Cet avis est basé sur une dizaine de partie en solo et à 2.
Lorsque l'on s'intéresse à la série des Pax, deux noms ressortent souvent : Pax Renaissance et Pax Pamir. Pour ce dernier, c'est avec sa seconde édition, bénéficiant d'un matériel largement amélioré (le jeu passant de l'éditeur Sierra Madre Games à Wehrlegig Games) et quelques apports sur les règles (notamment un mode solo), que le jeu s'est popularisé. 2020 aura même permis l'édition d'une version française de cette seconde édition ; c'est de cette dernière version dont il sera question ici.
Pax Pamir propose aux joueurs de prendre le rôle de dirigeants dans l’Afghanistan du XIXe siècle, essayant de gagner en influence pour prendre pouvoir. Le thème posait comme cela pourrait rebuter les non férus d'histoire, pourtant, il est plus passionnant (même pour les néophytes) qu'il pourrait semblé. Il faut s'imaginer que l’Afghanistan de cette époque était plus proche du trône de fer que la situation actuelle. On était dans une période de chaos induite par la mort prématurée et non préparé du roi (qui avait eu de nombreux fils et donc de nombreux prétendants au trône), aiguisant les appétits. En plus d'une situation interne complexe, il fallait aussi compter sur l'ingérence des super puissances étrangères, ici les Britanniques et les Russes, chacun cherchant à augmenter son influence dans ce pays stratégique.
La force de ce jeu, qui mélange gestion d'une main de carte et contrôle de territoire est de faire véritablement corps avec son thème. Toutes les cartes (qui sont toutes uniques) utilisent des illustrations historiques, un texte expliquant son propos (par exemple une petite bio d'un personnage), mais surtout font sens dans le jeu par rapport à la réalité historique. Ainsi, par exemple, un personnage historique connu pour son réseau d'espion permettra de placer beaucoup d'espions, ou un chef de guerre induira un climat politique de conflit.

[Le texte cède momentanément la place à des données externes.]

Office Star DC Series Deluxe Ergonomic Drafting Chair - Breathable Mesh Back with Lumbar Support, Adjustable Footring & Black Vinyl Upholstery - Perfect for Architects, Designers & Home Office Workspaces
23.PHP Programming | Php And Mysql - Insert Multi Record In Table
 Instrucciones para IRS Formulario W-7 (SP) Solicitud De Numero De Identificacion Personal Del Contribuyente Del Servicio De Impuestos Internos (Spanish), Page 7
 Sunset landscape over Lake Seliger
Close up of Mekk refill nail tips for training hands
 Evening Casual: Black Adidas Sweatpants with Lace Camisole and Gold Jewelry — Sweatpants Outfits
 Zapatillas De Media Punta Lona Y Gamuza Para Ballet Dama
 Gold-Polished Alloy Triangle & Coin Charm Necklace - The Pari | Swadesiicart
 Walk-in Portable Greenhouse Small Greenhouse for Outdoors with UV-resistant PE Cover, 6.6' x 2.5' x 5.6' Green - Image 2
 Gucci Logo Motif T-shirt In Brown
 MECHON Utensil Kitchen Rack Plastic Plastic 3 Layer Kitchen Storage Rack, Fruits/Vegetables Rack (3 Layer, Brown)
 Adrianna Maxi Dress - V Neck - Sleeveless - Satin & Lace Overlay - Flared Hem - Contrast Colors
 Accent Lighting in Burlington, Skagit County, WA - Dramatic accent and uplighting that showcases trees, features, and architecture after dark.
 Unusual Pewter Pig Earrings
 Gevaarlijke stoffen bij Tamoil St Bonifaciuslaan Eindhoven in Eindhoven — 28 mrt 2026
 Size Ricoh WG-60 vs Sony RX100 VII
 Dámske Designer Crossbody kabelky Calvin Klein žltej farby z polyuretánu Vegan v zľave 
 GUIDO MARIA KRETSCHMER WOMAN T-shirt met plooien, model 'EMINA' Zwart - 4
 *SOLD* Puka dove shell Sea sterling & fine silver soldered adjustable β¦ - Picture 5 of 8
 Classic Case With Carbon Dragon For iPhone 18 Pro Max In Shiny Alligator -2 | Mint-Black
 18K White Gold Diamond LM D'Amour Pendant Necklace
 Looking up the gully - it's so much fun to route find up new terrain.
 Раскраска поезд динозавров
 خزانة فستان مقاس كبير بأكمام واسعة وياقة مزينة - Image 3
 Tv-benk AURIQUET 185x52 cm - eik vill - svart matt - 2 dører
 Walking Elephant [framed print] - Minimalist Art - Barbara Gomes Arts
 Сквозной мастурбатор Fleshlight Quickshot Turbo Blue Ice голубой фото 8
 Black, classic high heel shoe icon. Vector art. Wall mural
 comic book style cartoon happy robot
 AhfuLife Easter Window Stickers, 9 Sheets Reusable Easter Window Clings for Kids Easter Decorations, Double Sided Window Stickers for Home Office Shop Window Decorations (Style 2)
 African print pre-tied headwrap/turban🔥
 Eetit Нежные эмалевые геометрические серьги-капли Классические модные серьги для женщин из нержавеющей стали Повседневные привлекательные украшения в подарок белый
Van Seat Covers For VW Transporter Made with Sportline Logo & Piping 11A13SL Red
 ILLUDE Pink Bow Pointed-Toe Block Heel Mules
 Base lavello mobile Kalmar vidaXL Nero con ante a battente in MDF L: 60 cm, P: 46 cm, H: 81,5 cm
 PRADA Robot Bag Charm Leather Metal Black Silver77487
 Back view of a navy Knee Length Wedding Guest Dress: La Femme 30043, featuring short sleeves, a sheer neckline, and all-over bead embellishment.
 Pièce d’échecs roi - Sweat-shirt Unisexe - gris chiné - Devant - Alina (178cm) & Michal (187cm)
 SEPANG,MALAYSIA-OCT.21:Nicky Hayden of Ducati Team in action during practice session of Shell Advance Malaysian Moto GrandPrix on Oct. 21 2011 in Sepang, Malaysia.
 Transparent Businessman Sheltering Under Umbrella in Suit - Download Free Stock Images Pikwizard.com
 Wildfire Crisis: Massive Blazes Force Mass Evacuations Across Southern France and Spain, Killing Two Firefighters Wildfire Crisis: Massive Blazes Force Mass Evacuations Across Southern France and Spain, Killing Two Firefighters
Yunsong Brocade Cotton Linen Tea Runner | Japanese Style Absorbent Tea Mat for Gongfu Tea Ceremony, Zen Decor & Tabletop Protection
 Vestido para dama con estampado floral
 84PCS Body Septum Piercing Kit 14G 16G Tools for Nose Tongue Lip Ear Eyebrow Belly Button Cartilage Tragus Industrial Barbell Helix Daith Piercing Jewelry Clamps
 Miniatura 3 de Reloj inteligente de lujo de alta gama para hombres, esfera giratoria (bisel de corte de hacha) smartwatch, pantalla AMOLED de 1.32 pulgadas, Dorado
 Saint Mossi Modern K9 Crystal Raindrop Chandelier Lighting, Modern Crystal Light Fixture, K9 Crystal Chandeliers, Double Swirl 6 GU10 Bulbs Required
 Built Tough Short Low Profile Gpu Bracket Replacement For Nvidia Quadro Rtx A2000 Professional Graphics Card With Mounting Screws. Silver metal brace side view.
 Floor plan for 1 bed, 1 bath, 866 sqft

Il y a toujours une volonté de faire coller les mécaniques du jeu est
Pax Pamir est très interactif, mais aussi fourbe et parfois cruel ; on doit surveiller de près les autres joueurs, et les coups bas qu'ils pourraient faire. Une règle sert de couperet : un joueur avec 4 points d'influence d'avance gagne immédiatement la partie... Pax Pamir est un jeu dans lequel il est beaucoup plus question d'opportunisme que de stratégie au long cours. Les alliances avec les grandes puissance (on ne s'allie pas avec les autres joueurs, mais avec les grandes coalitions en présence) se font et se défont selon la façon dont le vent tourne... Il ne faut pas rater le virage et bien s'allier avec la puissance dominante... ou au contraire tenter le coup de Trafalgar en renversant la situation à coup de complots.
Le jeu se joue à un double niveau : sur la carte du pays où l'on cherchera le soutien des tribus locales (et des armées alliées) pour dominer des régions, et sur dans les cours (symboliser par nos cartes) où vont pulluler les espions. A vous de choisir votre stratégie, en dominant le terrain, en envoyant des espions assassiner des opposants gênants, ou en cherchant des alliances avec une puissance dominante.
Les règles ne sont pas si complexes, mais le jeu peut être un peu déroutant. Si les axes stratégiques sont assez clairs, il n'en reste pas moins qu'une faute d’inattention peut se solder pour une sévère défaite. Mais même dans la défaite, les parties ont quelque chose d'épique. On peut rire de sa propre naïveté, une fois le coup parti.
Le jeu est très agréable, fluide (les tours vont vite), d'une durée mesurée mais suffisante, et le jeu bénéficie d'un superbe matériel vraiment en phase avec son thème. Le mode solo est assez bien trouvé. Il est lui aussi un peu déstabilisant, mais dès lors que l'on a accepté que notre adversaire virtuel (automa) peut être tour à tour brillant ou peu bête... mais ne vous inquiétez pas, il vous mettra tout de même souvent à terre. Il faut plus le voir comme un bonus que comme une fin en soi, le jeu prenant toute sa mesure à plusieurs. Pax Pamir est tout cas un excellent jeu que je ne peux que recommander, surtout qu'il bénéficie d'une bonne VF maintenant, permettant de profiter au mieux des textes de contexte des cartes... de quoi découvrir un pan de l'histoire trop peu connu de par chez nous.